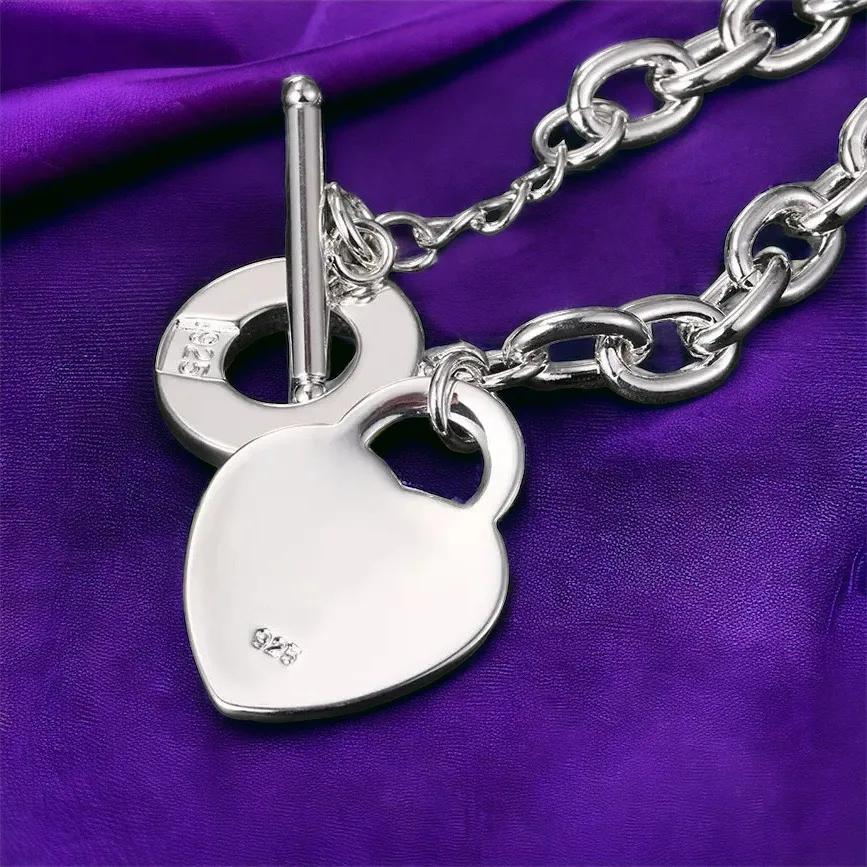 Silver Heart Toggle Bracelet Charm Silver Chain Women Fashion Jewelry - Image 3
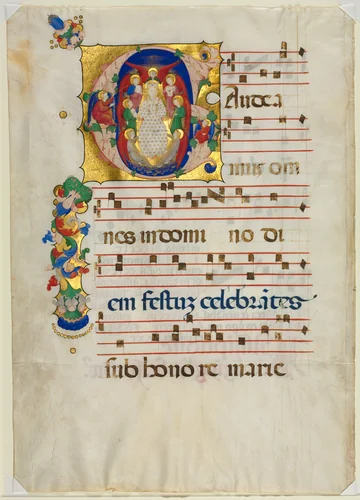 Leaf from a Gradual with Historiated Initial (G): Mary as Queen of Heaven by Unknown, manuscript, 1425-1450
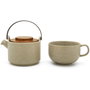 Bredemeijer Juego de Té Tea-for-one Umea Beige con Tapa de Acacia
* * *
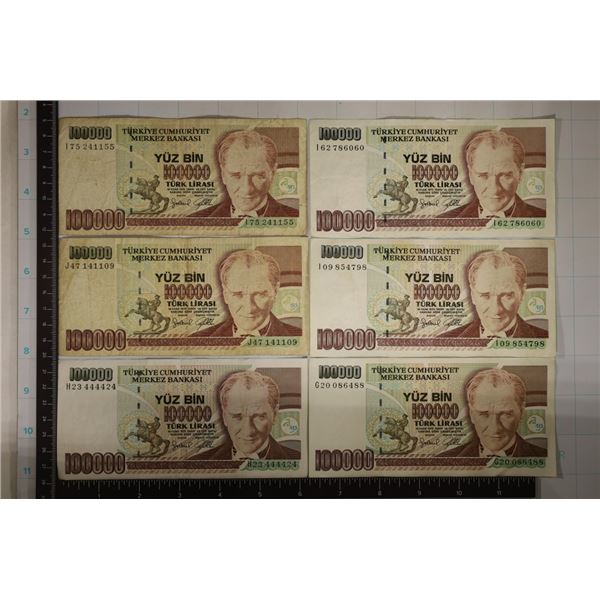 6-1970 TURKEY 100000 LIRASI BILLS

▶ **PROMPT**
Above are records; repeat only the lines from the line with "Silver Heart Toggle" through the line with "Bredemeijer Juego de", and leave pictures out.

▶ **TASK RESPONSE**
 Silver Heart Toggle Bracelet Charm Silver Chain Women Fashion Jewelry - Image 3
 Leaf from a Gradual with Historiated Initial (G): Mary as Queen of Heaven by Unknown, manuscript, 1425-1450
 Bredemeijer Juego de Té Tea-for-one Umea Beige con Tapa de Acacia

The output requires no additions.